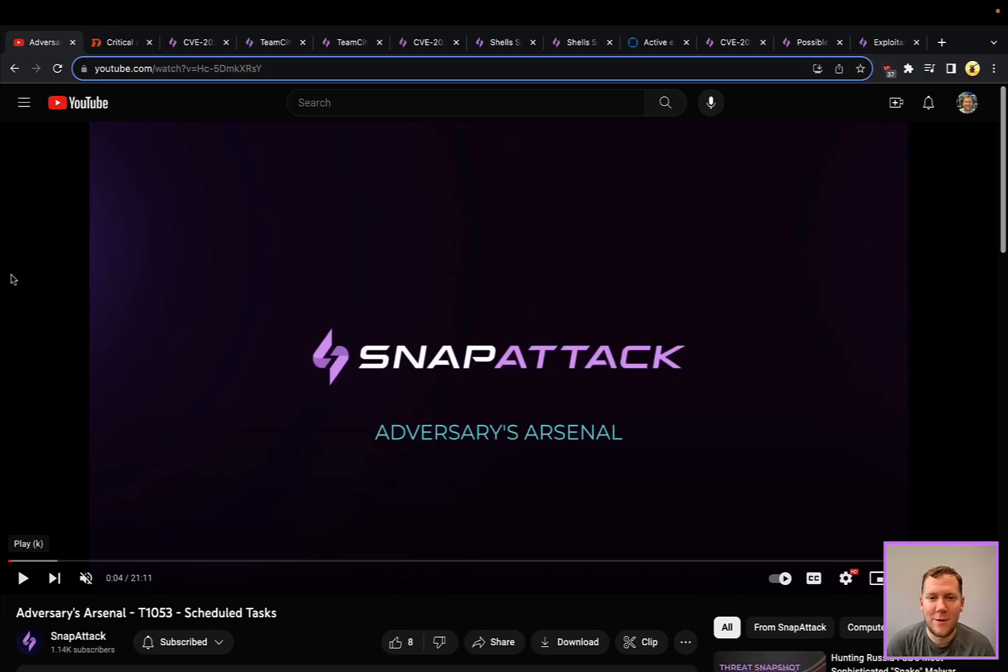Hey everyone, Tim here from SnapAttack. Let's dig into this week's threat snapshot. But first, a couple of housekeeping notes.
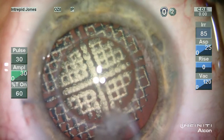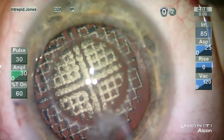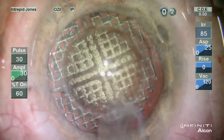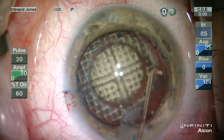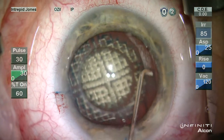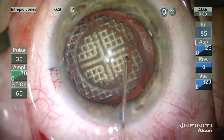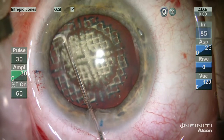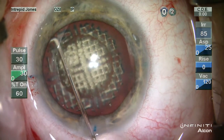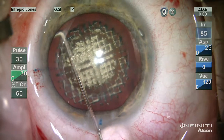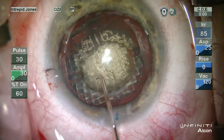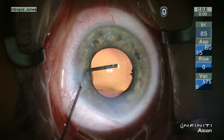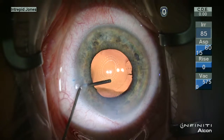Intraoperatively, we are treated to a beautiful view of a 3D array of these bubbles. And as you can note here, the lens is rather soft and is readily removed from the capsular sac.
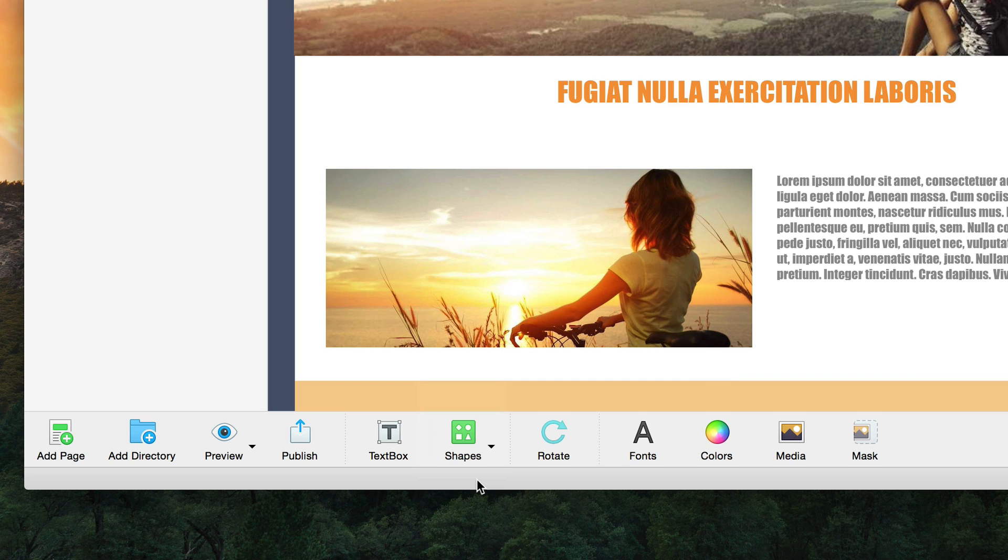The media button will bring up Everweb's media window. More information on this will also appear in the all about shapes and images video tutorial.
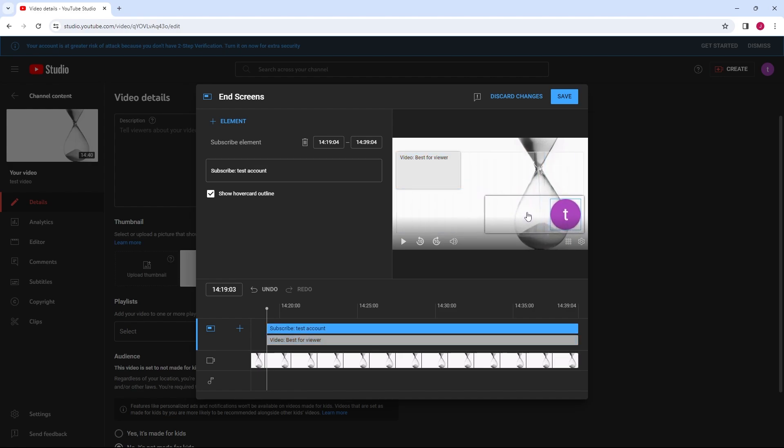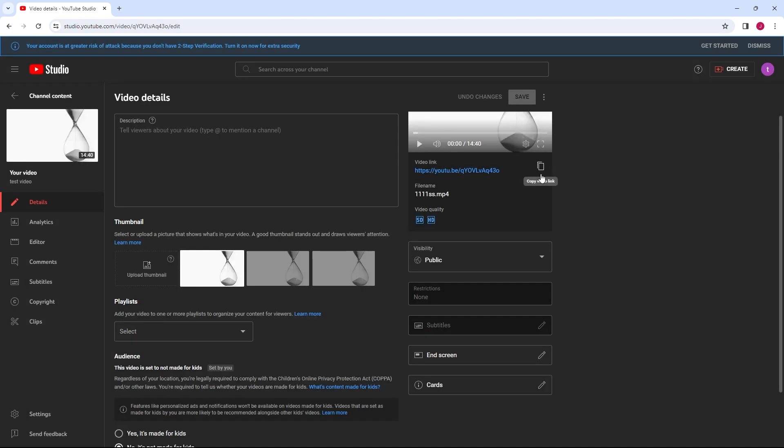After adding and positioning your end screen elements, click Save to apply the changes to your video.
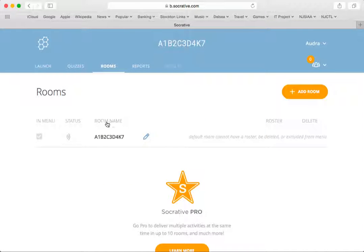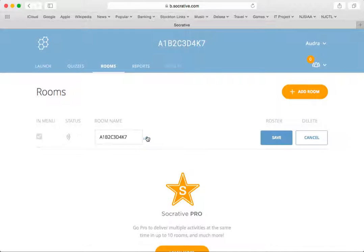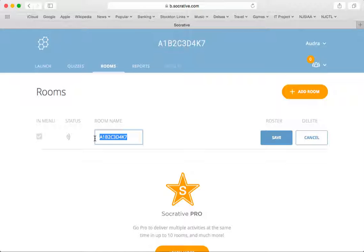It shows up with the current room name, and there's a pencil icon right after it. That means edit. Click the edit button and then change the room name to whatever you would like.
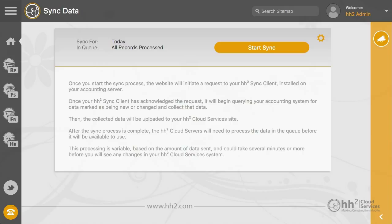You may see that it failed or it may not finish. You can restart the HH2 Synchronization service from your Timberline server, which should reset the connection.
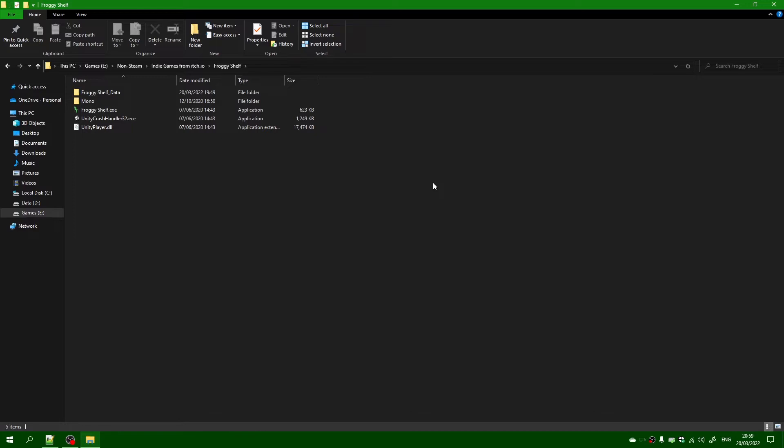Now this game that I'm going to be playing is called Froggy Self. It's here and I will put the game link in the description below if you want to have a play for yourself.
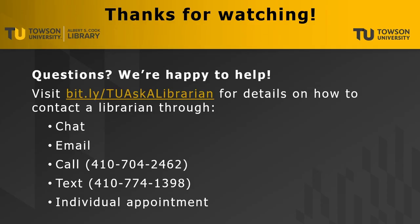Thank you for watching! If you have questions, please visit bit.ly/tuaskalibrarian for details on how to contact a librarian through chat, email, call, text message, or individual appointment. Remember, we're here to help!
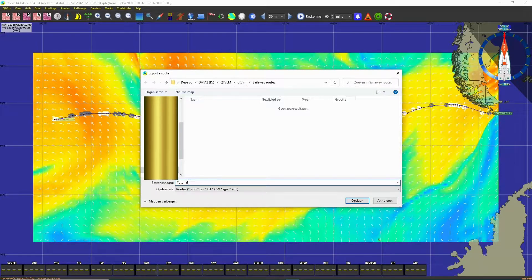You give it a name — in this case I'll name it 'tutorial' — and after the name you will also put in the file extension.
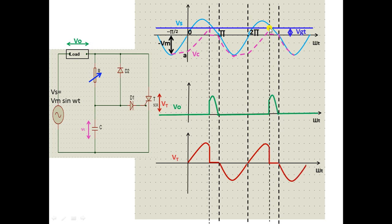The value of the variable resistor R can be adjusted to control the firing angle. If R is kept high, the time taken for the capacitor to charge from −0A to VGT is longer, resulting in a greater firing angle and therefore lower output voltage. If R is kept low, the capacitor charges faster, the firing angle is smaller, and the output voltage is higher.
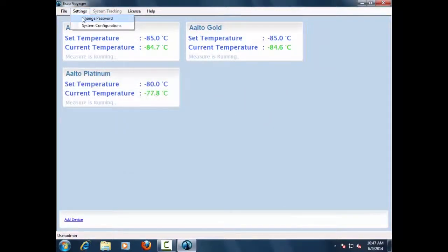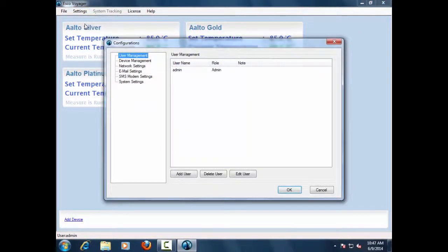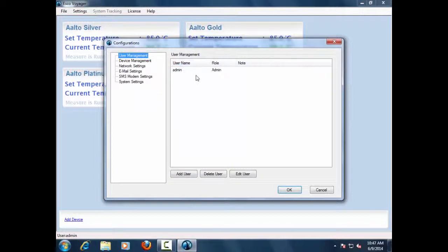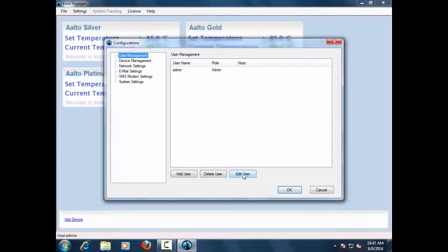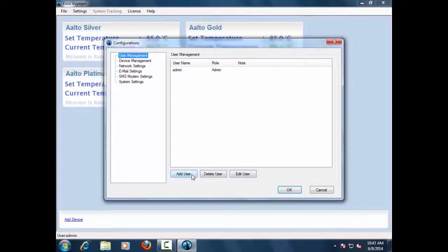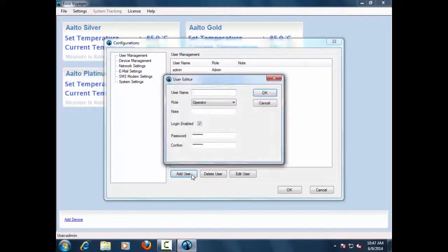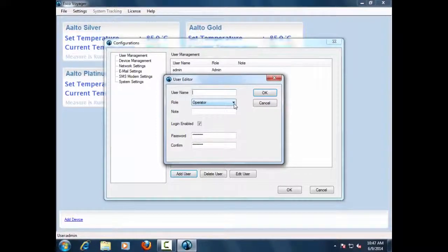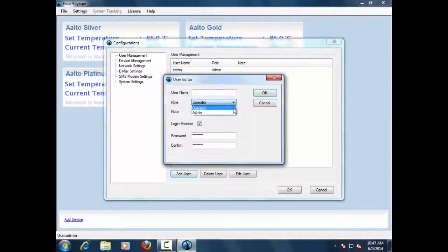A number of configuration options are available for the user to customize the Voyager as per requirements. This configuration block shows the list of users that have access to the Voyager software. The users can have one of two levels of access: either operator or admin.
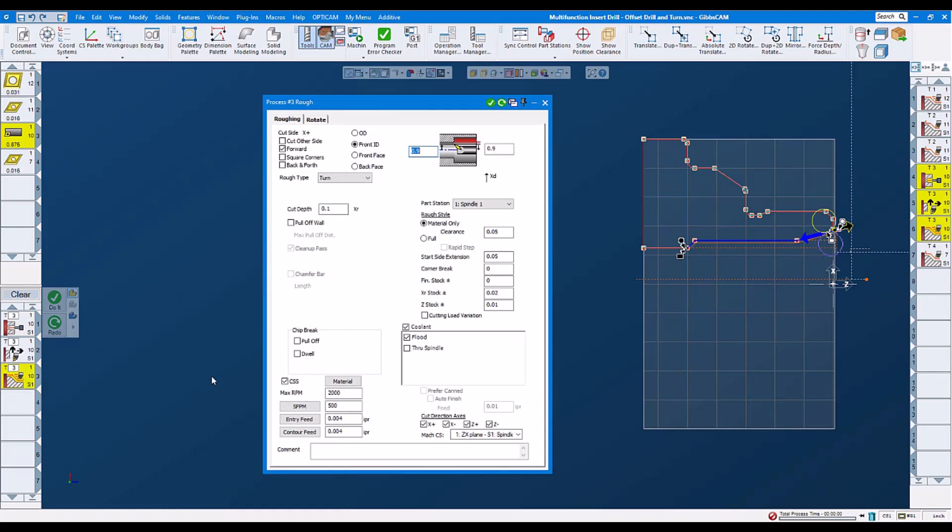Let's look at our turning operation. It's an ID, front ID operation. Feeds and speeds, stock. And then we set our machining markers as we normally do in our ID turning operations.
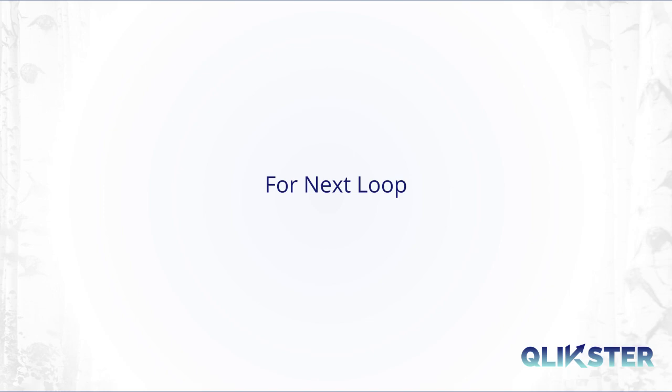Hello, in this video I would like to talk about for loops in Qlik Sense. As in any other programming language you can iterate through a series of commands using a for loop. In Qlik Sense this is especially useful to either load a series of tables or store a series of tables.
◇ ◇ ◇
WHAT TO WORK ON:
Please repeat, exactly as written, the lines in the records above, starting with the one that has "Intraoperatively, we are" and going on through the one that has "Now this game". Pictures are to be left out.

RESULT OF THIS EXERCISE:
Intraoperatively, we are treated to a beautiful view of a 3D array of these bubbles. And as you can note here, the lens is rather soft and is readily removed from the capsular sac.
The media button will bring up Everweb's media window. More information on this will also appear in the all about shapes and images video tutorial.
After adding and positioning your end screen elements, click Save to apply the changes to your video.
It shows up with the current room name, and there's a pencil icon right after it. That means edit. Click the edit button and then change the room name to whatever you would like.
You may see that it failed or it may not finish. You can restart the HH2 Synchronization service from your Timberline server, which should reset the connection.
Now this game that I'm going to be playing is called Froggy Self. It's here and I will put the game link in the description below if you want to have a play for yourself.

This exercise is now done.